Changing your name can be intimidating, but it doesn’t have to be complicated. The best place to begin is by consulting a legal professional. Not only are all states different, but the laws can even vary by counties. So, having a legal team on your side will only benefit you through this process.
If this name change is something that simply needs to be done, do your research. Yes, having that legal team will be helpful in getting you through the process, but you don’t want to go into it blind. By doing some research on your own either before or after retaining counsel, you’ll find that your anxiety going into the process will be much less considering you’ll know more of what is going on around you.
Finally, you’ll want to make sure that this name change is necessary. The reason behind this is because sometimes people go through more negative emotions following a name change than they do the actual divorce. Ask yourself, is it going to do you and your kids (if applicable) the most good in the end? Will you be able to handle it emotionally? Will it bring you peace of mind? If so, move forward and take care of business.
How to Change Your Last Name Following Their Divorce?
Amongst all the different things that go on during divorce proceedings, the name change process can be considered one of the simpler pieces in most states. As with many legal matters, you will want to check with your local Clerk to see what the process may include and if any documents need to be filed in.
So, in order to answer the question of how to change your last name in this situation, there are a number of different factors that need to be considered. Below, we have listed a few different ways that allow women to change their names either during or after the divorce proceedings.
Restore Your Maiden Name Within the Divorce Decree
One of the simplest ways to restore your maiden name is during the divorce process. In most states, it is a rather simple process to request that the divorce court judge enter a formal order to restore your name to your maiden name.
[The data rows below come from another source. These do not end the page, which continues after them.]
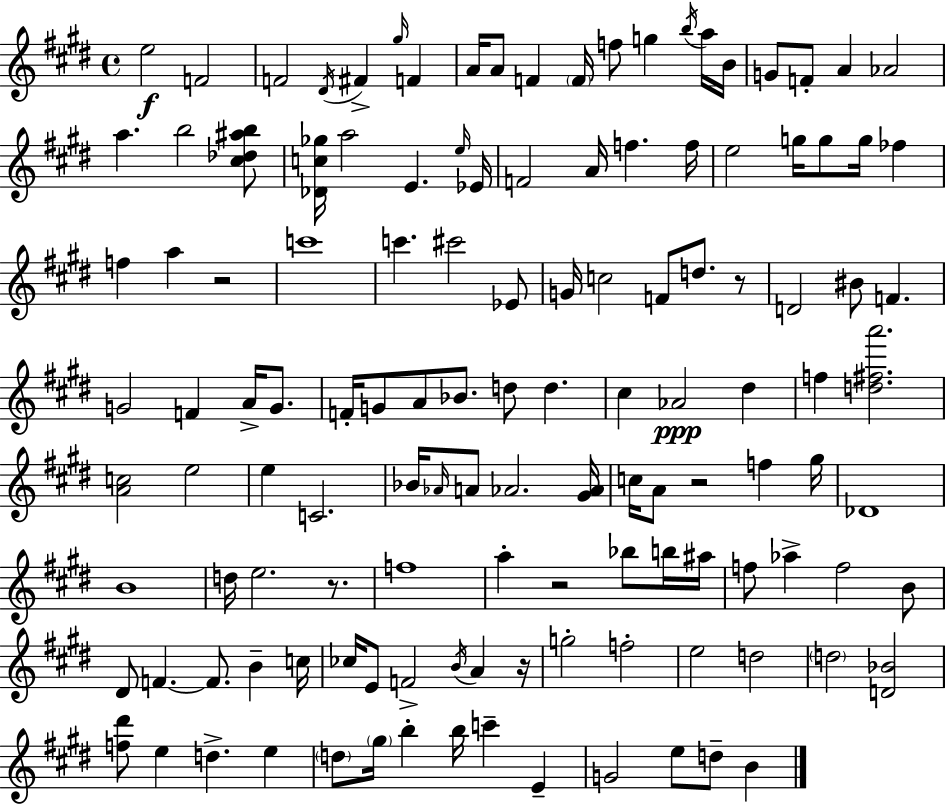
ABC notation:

X:1
T:Untitled
M:4/4
L:1/4
K:E
e2 F2 F2 ^D/4 ^F ^g/4 F A/4 A/2 F F/4 f/2 g b/4 a/4 B/4 G/2 F/2 A _A2 a b2 [^c_d^ab]/2 [_Dc_g]/4 a2 E e/4 _E/4 F2 A/4 f f/4 e2 g/4 g/2 g/4 _f f a z2 c'4 c' ^c'2 _E/2 G/4 c2 F/2 d/2 z/2 D2 ^B/2 F G2 F A/4 G/2 F/4 G/2 A/2 _B/2 d/2 d ^c _A2 ^d f [d^fa']2 [Ac]2 e2 e C2 _B/4 _A/4 A/2 _A2 [^G_A]/4 c/4 A/2 z2 f ^g/4 _D4 B4 d/4 e2 z/2 f4 a z2 _b/2 b/4 ^a/4 f/2 _a f2 B/2 ^D/2 F F/2 B c/4 _c/4 E/2 F2 B/4 A z/4 g2 f2 e2 d2 d2 [D_B]2 [f^d']/2 e d e d/2 ^g/4 b b/4 c' E G2 e/2 d/2 B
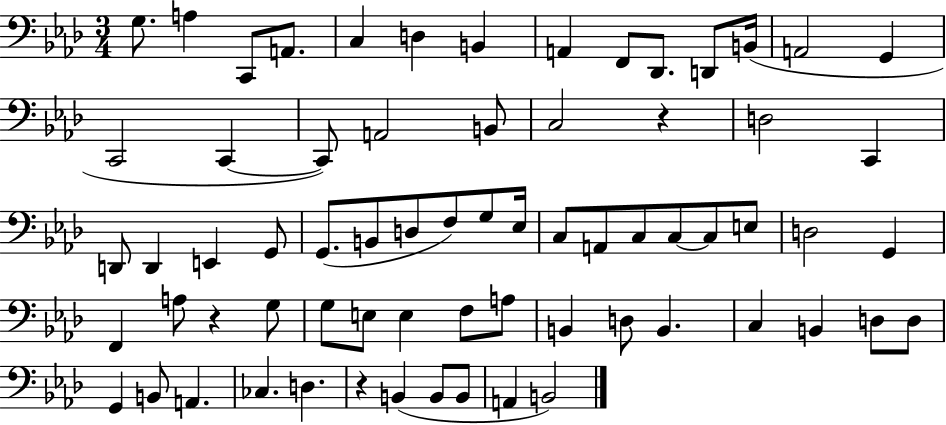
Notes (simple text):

G3/e. A3/q C2/e A2/e. C3/q D3/q B2/q A2/q F2/e Db2/e. D2/e B2/s A2/h G2/q C2/h C2/q C2/e A2/h B2/e C3/h R/q D3/h C2/q D2/e D2/q E2/q G2/e G2/e. B2/e D3/e F3/e G3/e Eb3/s C3/e A2/e C3/e C3/e C3/e E3/e D3/h G2/q F2/q A3/e R/q G3/e G3/e E3/e E3/q F3/e A3/e B2/q D3/e B2/q. C3/q B2/q D3/e D3/e G2/q B2/e A2/q. CES3/q. D3/q. R/q B2/q B2/e B2/e A2/q B2/h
In most cases, the judge will grant the request and include an order in the divorce decree. Something that is important to note is that you’ll want a certified copy of the court order to serve as proof of the name restoration. This will provide proof when you go to change your bank account information and other relevant documents such as identification cards.
Amend the Divorce Decree
What happens if your divorce is finalized and it doesn’t include a court order that changes your last name back to your maiden name? This isn’t worth panicking over, because, in many states, the courts will allow an amendment to the divorce decree to include name restoration.
Take, for example, the state of California. If a name restoration clause wasn’t included in the divorce decree, then the party wishing to change their name need to file an “Ex Parte Application for Restoration of Former Name After Entry of Judgement of Order.” This is also known as FL-396. Again, each state is different in this area of the law, so it is essential to check with your local courts to make sure that you are following proper procedures. It is also helpful to have an attorney on your side because they can help walk you through all of the legal jargon and help you with not only getting but filling out and submitting the proper paperwork.
Filing a Name Change Petition
If a name restoration isn’t included in your divorce decree, and if you weren’t able to change your name during the process, or are not able to have an amendment to the divorce decree done, then you will likely have to file a petition to change your last name.
If this is the case, again, it can be very beneficial to have an attorney or legal team behind you. As mentioned, the paperwork can get very overwhelming for some, and have that team behind you will ensure that you take the proper steps in order to get your name change done and done right.
When filing a name change petition, the court is likely to ask for additional information from you, such as having your fingerprints taken and a background check is done. Why is this done? Because the state will want to make sure that you are not trying to change your name for wrongful purposes or in an effort to hide from any legal responsibilities.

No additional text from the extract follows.